* The task: Leave out the pictures and retype, exactly, the lines below from the line with "If you want to create" up to and including the line with "So if you go", nothing more.

* Data for this exercise:
· · · · ·

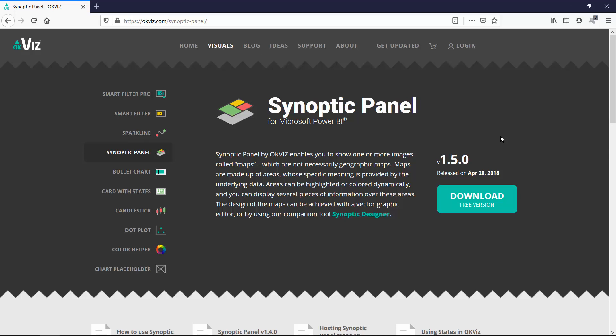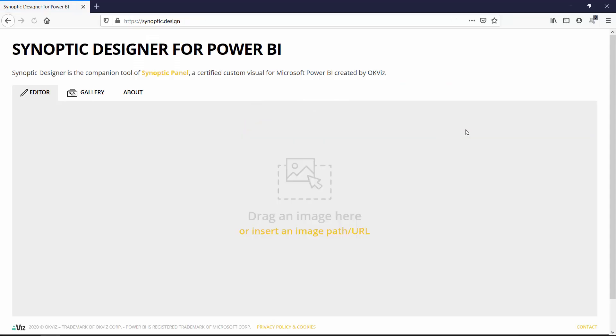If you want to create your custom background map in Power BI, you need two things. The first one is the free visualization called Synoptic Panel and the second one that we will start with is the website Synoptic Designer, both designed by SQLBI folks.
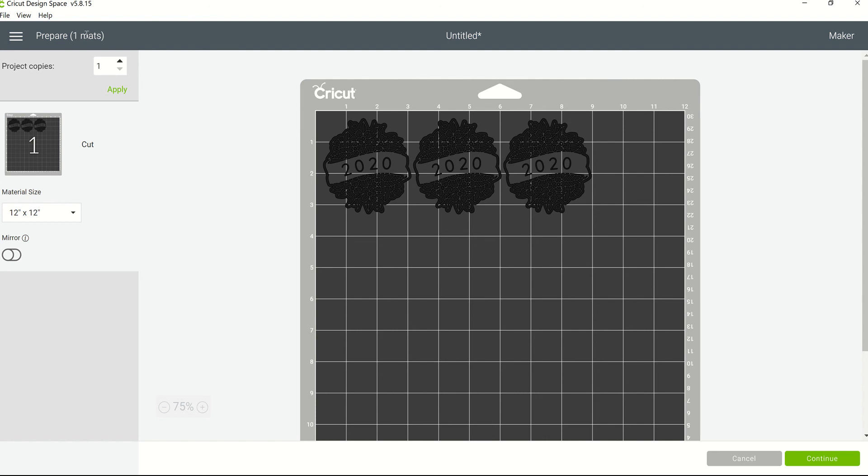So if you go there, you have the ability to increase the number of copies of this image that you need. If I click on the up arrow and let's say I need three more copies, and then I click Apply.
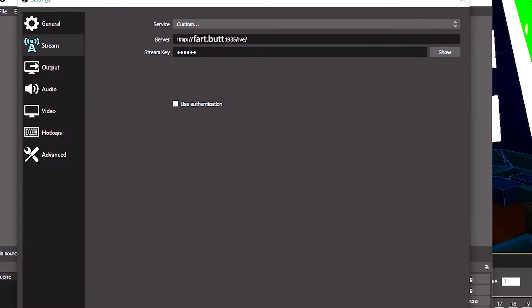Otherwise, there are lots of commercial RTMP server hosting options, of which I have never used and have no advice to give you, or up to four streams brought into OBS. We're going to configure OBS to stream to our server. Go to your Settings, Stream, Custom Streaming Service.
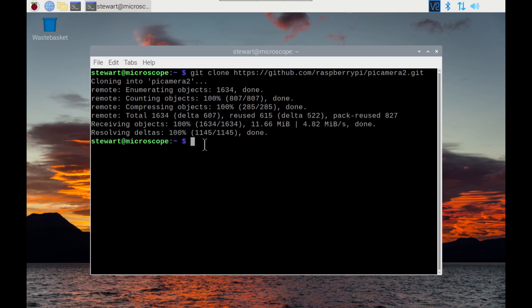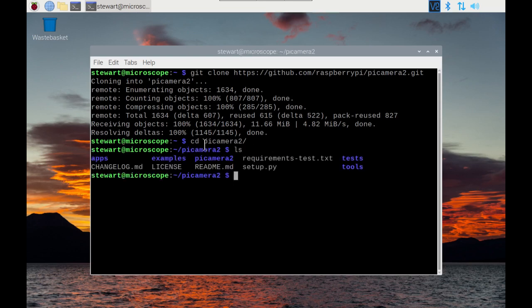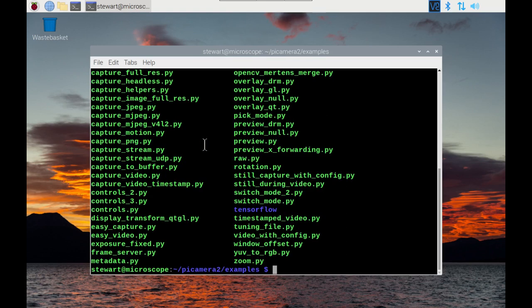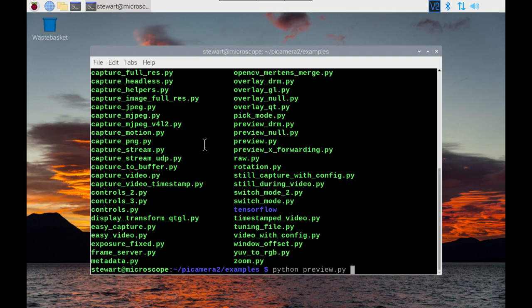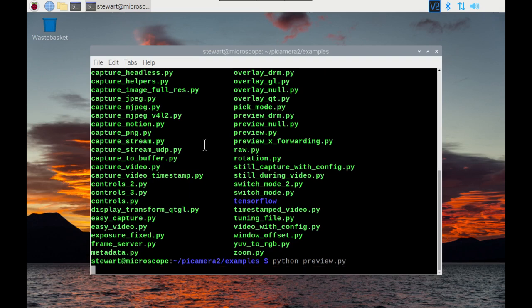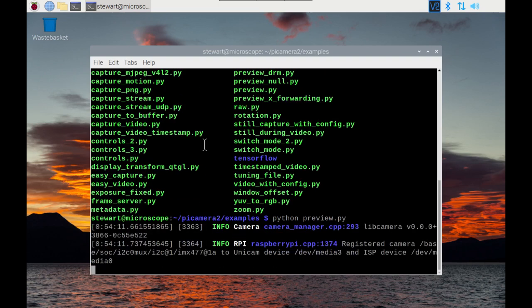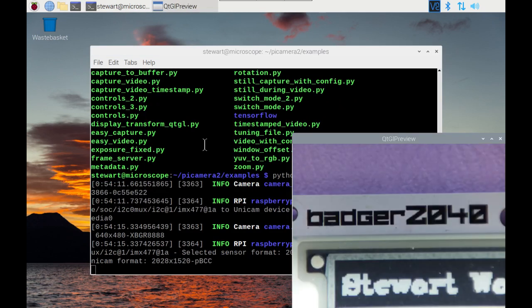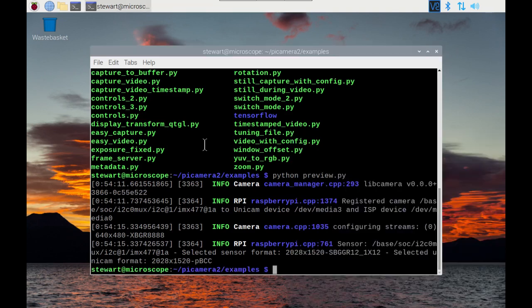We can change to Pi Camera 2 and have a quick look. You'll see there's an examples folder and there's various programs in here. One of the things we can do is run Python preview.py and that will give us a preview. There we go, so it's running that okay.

· · · · ·

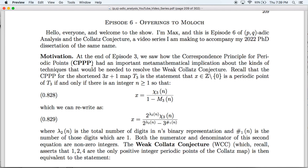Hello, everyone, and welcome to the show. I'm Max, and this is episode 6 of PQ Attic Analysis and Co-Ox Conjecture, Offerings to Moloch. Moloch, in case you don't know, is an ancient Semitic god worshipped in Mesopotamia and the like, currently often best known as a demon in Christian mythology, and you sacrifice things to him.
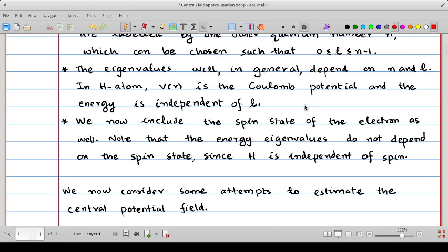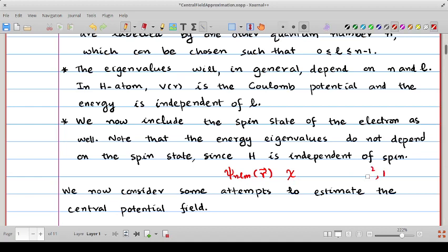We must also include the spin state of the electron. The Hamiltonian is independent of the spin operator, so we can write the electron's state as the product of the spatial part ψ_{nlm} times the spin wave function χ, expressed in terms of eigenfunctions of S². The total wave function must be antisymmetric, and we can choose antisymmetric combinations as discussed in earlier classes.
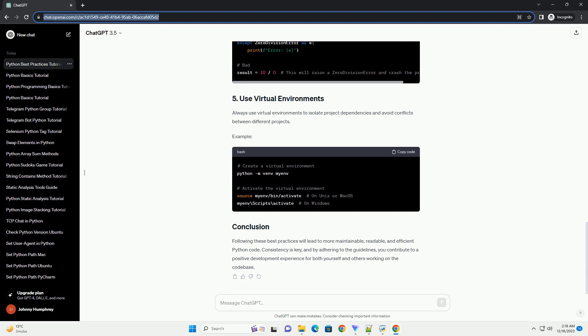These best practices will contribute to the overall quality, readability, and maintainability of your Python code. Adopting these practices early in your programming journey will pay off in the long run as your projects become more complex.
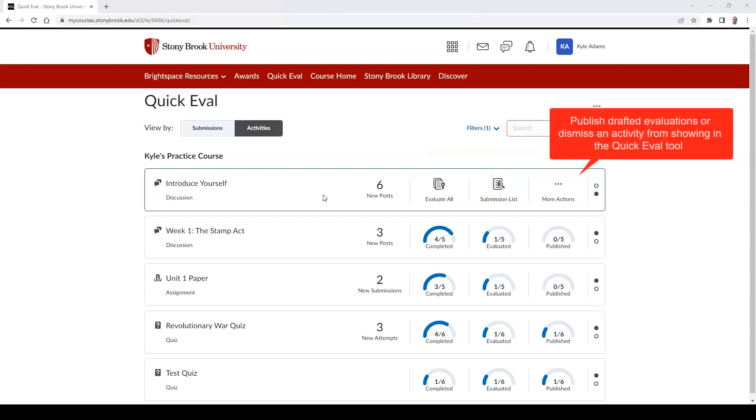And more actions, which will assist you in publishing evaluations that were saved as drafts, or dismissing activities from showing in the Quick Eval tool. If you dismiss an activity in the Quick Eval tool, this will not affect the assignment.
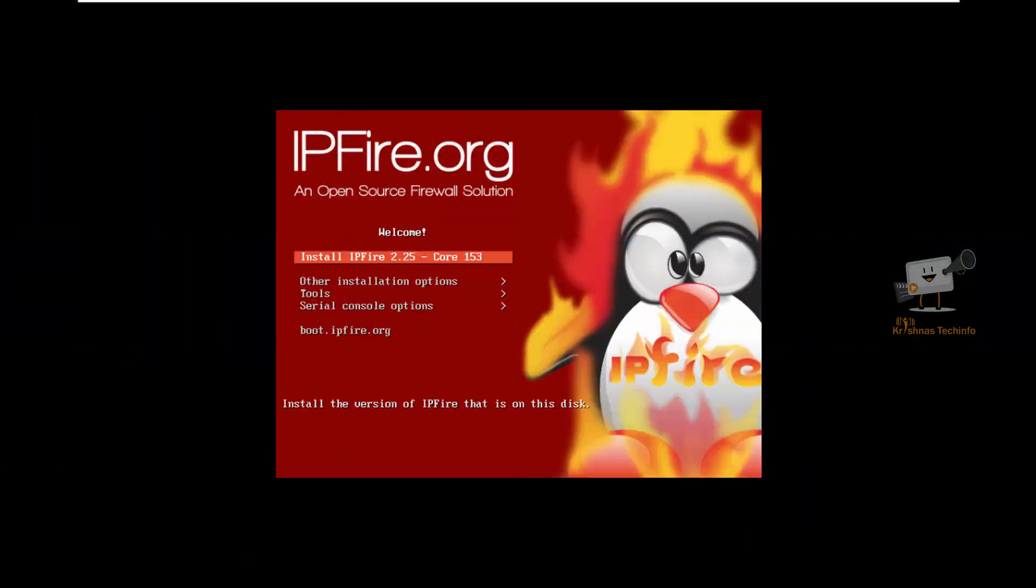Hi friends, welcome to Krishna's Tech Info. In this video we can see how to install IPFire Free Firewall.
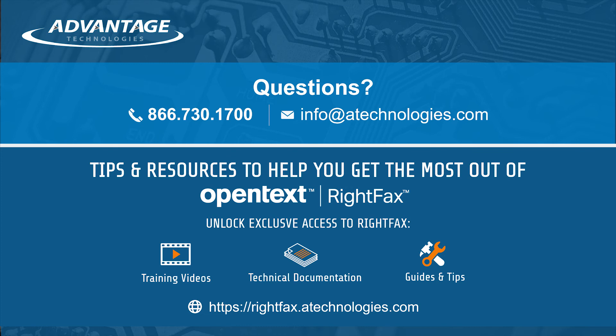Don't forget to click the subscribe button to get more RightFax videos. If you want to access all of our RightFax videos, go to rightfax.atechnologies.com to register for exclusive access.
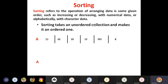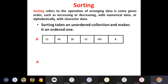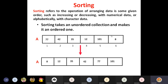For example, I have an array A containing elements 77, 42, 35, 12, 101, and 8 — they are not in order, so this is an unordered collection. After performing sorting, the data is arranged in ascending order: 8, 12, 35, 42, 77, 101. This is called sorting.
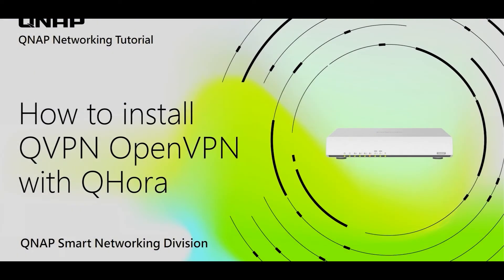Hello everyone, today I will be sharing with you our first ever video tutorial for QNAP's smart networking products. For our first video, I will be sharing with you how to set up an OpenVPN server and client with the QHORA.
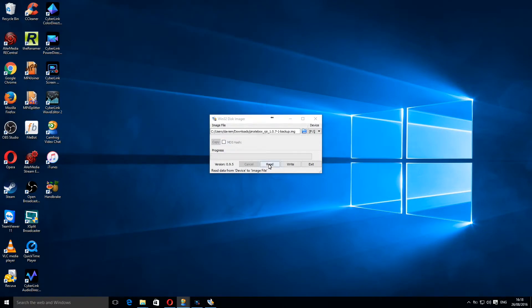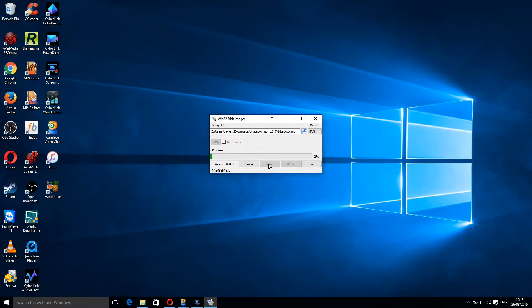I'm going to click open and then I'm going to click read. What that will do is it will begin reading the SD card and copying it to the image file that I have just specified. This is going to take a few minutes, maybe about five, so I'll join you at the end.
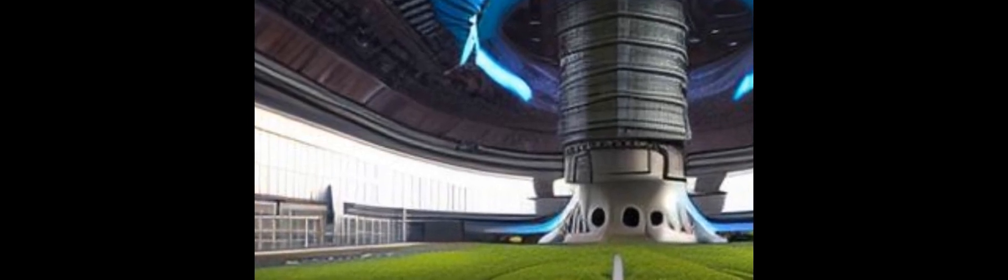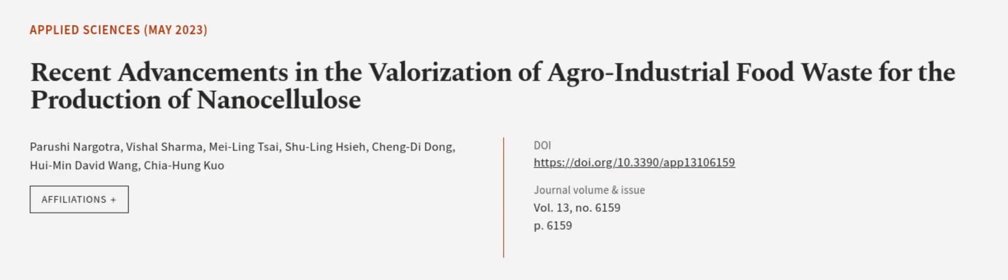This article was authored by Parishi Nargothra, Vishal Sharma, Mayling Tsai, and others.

· · · · ·

* Answer to this problem:
If you want to create your custom background map in Power BI, you need two things. The first one is the free visualization called Synoptic Panel and the second one that we will start with is the website Synoptic Designer, both designed by SQLBI folks.
So if you go there, you have the ability to increase the number of copies of this image that you need. If I click on the up arrow and let's say I need three more copies, and then I click Apply.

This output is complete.